Go over the data and copy out each line with "person" in it.

MATERIAL PROVIDED →
============
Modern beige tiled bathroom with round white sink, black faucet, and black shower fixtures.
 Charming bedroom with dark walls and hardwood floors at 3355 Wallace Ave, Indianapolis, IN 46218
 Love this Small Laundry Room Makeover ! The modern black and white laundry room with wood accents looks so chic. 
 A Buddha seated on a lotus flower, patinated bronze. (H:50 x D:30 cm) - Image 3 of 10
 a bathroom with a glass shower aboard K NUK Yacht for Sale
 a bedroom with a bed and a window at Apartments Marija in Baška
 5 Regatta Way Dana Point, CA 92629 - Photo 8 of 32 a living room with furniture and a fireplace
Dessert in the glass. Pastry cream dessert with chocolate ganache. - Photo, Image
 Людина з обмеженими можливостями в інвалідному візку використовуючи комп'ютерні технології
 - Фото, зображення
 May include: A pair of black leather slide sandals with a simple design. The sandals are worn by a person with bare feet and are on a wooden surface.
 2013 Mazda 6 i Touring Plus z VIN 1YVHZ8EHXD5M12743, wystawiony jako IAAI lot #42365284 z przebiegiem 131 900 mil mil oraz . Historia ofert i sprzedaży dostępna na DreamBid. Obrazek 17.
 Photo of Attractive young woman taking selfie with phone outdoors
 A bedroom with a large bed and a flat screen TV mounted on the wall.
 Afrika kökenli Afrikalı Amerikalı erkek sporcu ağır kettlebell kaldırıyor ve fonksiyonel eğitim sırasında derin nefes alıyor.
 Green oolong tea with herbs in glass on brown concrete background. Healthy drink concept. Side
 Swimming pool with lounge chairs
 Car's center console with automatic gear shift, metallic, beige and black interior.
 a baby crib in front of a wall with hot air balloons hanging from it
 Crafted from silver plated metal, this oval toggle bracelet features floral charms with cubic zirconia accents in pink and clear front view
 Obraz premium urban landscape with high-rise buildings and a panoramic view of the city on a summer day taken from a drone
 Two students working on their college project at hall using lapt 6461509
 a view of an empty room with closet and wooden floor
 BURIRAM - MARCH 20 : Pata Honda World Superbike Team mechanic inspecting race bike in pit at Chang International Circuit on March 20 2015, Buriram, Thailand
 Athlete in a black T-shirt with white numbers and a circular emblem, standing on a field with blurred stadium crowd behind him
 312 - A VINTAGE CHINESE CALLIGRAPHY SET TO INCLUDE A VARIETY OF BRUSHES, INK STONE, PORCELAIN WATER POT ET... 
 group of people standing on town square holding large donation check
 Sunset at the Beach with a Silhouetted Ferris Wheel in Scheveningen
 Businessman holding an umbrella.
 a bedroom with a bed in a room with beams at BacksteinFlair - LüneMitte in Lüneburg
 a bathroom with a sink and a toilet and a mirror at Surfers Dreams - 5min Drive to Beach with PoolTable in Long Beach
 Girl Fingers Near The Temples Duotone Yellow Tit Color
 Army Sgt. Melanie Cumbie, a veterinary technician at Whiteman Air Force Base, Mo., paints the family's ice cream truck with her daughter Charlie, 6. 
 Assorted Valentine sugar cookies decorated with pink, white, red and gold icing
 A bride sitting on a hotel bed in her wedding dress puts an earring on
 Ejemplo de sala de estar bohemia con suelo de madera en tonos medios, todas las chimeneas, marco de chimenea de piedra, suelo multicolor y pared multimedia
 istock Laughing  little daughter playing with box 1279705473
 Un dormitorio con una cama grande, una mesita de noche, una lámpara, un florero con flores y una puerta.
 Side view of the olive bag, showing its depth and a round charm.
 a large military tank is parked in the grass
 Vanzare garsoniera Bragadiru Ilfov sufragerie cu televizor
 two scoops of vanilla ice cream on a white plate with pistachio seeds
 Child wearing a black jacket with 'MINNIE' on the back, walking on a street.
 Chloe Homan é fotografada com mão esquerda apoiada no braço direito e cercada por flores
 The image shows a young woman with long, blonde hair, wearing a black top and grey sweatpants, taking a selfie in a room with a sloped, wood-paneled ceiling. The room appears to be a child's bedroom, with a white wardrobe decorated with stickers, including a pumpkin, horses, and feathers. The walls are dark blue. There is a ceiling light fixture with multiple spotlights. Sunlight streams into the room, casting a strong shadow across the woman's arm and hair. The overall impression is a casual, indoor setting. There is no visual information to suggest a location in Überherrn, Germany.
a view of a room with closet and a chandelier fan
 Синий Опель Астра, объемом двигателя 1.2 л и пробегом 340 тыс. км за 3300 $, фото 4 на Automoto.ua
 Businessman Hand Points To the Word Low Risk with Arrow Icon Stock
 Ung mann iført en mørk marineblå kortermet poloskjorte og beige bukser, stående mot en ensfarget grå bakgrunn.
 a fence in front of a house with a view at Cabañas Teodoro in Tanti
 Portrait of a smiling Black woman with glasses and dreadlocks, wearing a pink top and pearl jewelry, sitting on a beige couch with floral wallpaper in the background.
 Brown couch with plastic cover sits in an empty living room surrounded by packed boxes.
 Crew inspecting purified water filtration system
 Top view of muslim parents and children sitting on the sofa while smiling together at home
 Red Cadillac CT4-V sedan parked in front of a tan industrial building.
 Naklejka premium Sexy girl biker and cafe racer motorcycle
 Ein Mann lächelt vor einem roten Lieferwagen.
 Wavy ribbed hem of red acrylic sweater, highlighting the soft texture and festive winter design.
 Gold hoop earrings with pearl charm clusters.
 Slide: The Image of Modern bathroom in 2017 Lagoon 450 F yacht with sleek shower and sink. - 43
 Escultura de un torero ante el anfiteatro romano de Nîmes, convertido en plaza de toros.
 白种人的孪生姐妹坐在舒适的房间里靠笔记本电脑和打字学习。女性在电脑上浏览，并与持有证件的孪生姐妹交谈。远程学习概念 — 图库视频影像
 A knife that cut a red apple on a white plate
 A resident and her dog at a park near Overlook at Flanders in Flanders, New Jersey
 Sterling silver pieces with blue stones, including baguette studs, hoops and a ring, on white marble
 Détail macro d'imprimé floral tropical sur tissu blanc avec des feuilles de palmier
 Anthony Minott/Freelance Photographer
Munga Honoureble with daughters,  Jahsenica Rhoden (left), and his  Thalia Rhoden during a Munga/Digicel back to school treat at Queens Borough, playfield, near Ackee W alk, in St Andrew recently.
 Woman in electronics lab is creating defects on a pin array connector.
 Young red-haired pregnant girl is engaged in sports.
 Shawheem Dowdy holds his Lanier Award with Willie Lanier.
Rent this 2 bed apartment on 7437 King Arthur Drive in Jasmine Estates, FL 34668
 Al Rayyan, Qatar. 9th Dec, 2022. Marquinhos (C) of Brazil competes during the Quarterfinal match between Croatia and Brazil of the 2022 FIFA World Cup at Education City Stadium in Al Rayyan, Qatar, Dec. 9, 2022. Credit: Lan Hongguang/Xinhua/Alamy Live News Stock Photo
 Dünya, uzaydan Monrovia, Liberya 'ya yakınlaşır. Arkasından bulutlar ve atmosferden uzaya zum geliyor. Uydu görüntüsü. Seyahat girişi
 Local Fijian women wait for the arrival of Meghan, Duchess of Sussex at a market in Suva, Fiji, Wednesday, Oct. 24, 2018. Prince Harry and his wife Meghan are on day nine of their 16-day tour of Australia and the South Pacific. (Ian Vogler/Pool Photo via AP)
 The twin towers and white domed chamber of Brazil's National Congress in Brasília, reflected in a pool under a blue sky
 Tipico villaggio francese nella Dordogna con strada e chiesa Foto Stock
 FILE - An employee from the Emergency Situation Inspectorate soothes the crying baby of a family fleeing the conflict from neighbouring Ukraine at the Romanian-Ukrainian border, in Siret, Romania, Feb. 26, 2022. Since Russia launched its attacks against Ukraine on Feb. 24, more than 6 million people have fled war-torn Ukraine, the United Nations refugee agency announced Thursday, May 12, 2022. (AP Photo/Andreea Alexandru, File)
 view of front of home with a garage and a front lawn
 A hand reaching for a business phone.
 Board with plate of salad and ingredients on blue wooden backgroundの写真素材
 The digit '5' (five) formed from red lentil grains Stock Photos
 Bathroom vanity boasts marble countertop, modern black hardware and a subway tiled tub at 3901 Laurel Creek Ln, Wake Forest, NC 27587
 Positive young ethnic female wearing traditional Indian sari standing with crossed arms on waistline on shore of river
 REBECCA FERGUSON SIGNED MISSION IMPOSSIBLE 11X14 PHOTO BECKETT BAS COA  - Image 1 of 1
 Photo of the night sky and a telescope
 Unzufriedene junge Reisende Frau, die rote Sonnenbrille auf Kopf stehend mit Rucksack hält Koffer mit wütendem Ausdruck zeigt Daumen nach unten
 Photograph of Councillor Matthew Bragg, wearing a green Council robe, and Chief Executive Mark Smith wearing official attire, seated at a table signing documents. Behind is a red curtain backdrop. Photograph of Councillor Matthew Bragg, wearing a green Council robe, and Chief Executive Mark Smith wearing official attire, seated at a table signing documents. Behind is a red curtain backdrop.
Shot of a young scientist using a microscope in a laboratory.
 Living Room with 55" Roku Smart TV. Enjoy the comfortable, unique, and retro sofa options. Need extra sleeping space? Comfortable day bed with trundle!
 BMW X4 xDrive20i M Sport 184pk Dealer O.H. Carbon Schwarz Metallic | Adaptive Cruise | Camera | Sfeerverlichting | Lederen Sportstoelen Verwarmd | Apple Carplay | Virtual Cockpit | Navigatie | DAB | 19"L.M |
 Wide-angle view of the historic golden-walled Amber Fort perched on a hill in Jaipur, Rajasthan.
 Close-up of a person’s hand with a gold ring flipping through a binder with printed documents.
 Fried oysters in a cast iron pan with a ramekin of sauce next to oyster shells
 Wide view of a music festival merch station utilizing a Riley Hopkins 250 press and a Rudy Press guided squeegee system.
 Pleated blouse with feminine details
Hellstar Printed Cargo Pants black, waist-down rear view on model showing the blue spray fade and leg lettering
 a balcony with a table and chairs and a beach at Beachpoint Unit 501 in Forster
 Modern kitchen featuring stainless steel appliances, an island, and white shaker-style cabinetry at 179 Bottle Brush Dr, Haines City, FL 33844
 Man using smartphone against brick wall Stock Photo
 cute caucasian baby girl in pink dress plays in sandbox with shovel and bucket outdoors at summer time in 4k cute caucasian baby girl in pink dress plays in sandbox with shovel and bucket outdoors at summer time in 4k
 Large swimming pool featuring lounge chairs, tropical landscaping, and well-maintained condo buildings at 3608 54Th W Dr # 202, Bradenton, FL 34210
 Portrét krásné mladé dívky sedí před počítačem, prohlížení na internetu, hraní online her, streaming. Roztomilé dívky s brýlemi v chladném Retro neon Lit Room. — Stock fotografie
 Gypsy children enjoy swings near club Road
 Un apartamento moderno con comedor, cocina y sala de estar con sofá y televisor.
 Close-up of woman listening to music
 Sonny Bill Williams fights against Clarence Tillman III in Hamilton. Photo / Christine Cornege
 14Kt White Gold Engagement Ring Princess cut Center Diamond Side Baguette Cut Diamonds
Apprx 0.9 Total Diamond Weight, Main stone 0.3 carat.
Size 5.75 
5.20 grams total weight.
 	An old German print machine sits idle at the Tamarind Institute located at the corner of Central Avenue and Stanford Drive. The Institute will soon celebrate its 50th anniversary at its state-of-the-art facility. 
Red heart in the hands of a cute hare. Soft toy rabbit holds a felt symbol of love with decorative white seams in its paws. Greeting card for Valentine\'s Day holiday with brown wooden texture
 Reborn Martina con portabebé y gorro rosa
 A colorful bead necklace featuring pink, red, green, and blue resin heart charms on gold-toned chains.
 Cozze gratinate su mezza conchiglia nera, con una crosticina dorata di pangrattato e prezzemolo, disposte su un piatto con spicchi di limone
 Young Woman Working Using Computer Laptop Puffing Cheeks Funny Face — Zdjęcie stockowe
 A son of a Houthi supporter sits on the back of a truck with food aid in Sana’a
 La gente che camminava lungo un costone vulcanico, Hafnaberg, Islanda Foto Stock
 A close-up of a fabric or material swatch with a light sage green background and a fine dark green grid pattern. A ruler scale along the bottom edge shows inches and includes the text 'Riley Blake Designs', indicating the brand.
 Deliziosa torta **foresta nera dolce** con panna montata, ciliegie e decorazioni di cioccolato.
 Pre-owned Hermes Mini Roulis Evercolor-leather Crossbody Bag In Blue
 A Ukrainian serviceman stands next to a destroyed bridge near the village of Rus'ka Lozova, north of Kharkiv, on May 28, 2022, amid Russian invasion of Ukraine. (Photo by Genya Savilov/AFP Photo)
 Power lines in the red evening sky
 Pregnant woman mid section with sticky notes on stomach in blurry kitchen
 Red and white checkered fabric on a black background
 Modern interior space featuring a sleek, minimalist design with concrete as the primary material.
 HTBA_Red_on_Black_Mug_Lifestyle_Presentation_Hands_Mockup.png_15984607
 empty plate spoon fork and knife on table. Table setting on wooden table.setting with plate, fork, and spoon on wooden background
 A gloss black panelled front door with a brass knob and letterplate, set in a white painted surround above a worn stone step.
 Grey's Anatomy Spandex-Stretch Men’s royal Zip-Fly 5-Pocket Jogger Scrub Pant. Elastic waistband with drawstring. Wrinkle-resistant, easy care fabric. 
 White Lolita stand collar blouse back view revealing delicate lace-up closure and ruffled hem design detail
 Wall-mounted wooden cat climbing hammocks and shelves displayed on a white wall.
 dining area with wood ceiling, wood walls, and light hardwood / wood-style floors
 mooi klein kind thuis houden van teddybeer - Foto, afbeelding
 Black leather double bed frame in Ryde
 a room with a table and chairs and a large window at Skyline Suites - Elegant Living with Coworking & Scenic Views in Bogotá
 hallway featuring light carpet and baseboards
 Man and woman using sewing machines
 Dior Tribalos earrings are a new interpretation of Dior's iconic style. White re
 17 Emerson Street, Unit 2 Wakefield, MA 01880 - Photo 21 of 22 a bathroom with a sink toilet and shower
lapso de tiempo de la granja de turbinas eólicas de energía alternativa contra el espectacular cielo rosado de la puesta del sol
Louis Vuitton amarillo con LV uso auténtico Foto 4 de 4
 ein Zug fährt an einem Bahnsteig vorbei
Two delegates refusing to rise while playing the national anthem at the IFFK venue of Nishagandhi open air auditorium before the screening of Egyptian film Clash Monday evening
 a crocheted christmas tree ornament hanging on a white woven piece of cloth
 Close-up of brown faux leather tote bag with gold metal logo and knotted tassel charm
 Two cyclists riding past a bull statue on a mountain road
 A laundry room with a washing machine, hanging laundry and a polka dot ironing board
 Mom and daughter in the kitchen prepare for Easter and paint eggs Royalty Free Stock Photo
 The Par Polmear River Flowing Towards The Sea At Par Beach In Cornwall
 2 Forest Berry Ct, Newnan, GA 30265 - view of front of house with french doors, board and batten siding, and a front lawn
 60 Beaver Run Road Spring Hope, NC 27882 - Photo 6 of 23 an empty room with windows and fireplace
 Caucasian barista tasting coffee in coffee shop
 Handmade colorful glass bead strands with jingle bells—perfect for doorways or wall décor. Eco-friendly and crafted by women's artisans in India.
============
ANSWER SPACE →
 May include: A pair of black leather slide sandals with a simple design. The sandals are worn by a person with bare feet and are on a wooden surface.
 Close-up of a person’s hand with a gold ring flipping through a binder with printed documents.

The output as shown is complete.